Navigating the regulatory landscape is crucial for businesses, particularly in the financial sector. SEC Rule 17a-4 is a pivotal regulation governing data retention and accessibility. In this post, we’ll demystify the rule, explore its key provisions, and provide a practical roadmap for compliance. Whether you’re new to the regulatory terrain or seeking to enhance your understanding, this guide aims to clarify the intricacies of SEC Rule 17a-4.



What are the requirements for SEC Rule 17a-4?

The SEC 17a-4 rule amendment defines how broker-dealers and other financial services must manage their electronically stored information (ESI). This includes what information is and is not covered by Rule 17a-4, and what steps brokers must take to be compliant.

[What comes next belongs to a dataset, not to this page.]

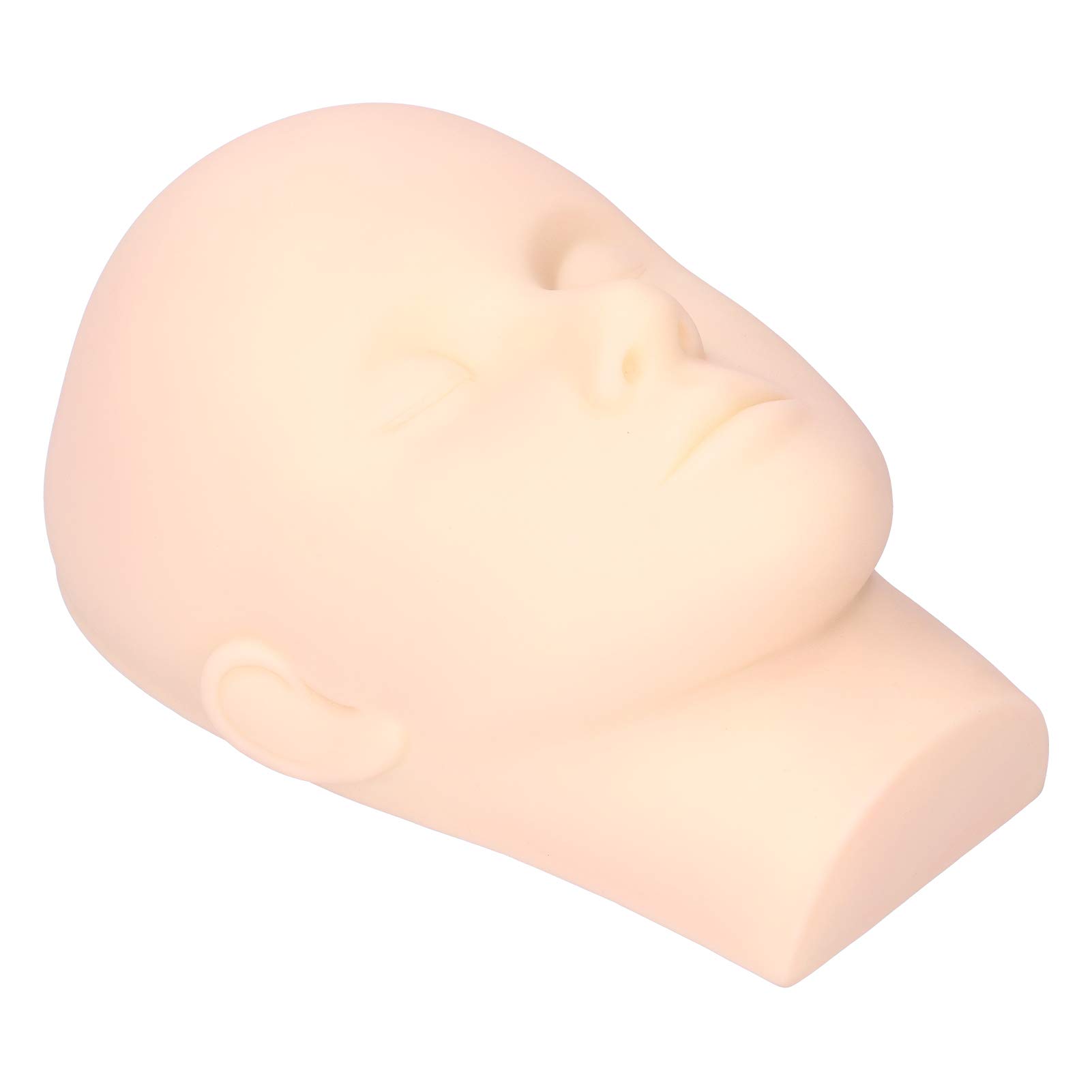 Professional PVC Mannequin Head for Eyelash Extensions & Makeup Practice - Reusable Training Head for Beauty School, Salon & Massage Therapy - Perfect for Lash Artists, Cosmetology Students & Spa Professionals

  • Record Types: Including emails, financial transactions, and communications.
  • Retention Periods: Typically 3-6 years depending on record type.
  • Accessibility: To facilitate swift regulatory reviews.
  • WORM Compliance: Write Once, Read Many (WORM) non-erasable format.

These provisions ensure that all original records are preserved in an easily accessible format that can be provided to the SEC upon request. This brings the requirements for electronically stored information up to date with modern recordkeeping technologies and accounts for new forms of ESI being created, such as internal messaging systems.

They also more closely align the requirements of Rules 17a-4 and 18a-6, which apply to broker-dealers, including those registered as security-based swap dealers (SBSDs) or major security-based swap participants (MSBSPs); and SBSDs and MSBSPs that are not also registered as broker-dealers, respectively.

What does SEC Rule 17a-4 require broker-dealers to do?

To be compliant with SEC Rule 17a-4, broker-dealers and other covered entities must take specific measures to protect ESI, including:

  • Developing a record retention policy that identifies all of the electronic records that must be maintained and preserved.
  • Implementing a system for storing and archiving electronic records in a WORM format.
  • Having a process in place for providing electronic records to the SEC upon request.

Many of the requirements outlined in SEC Rule 17a-4 were already established prior to the 2023 amendment, which came into force on Jan. 3. Some of the key amendments include adding an audit trail alternative to the WORM requirement, giving broker-dealers the opportunity to choose a designated executive officer in place of a designated third party to make certain undertakings, and resolves conflicts of data control in modern storage systems, such as cloud service providers.

The risks of SEC Rule 17a-4 noncompliance


Failure to comply with SEC Rule 17a-4 noncompliance carries significant financial and reputational risks. The SEC can fine broker-dealers for violations or and suspend or revoke their registration. In addition, failure to comply with SEC regulations may leave broker-dealers open to legal action from investors.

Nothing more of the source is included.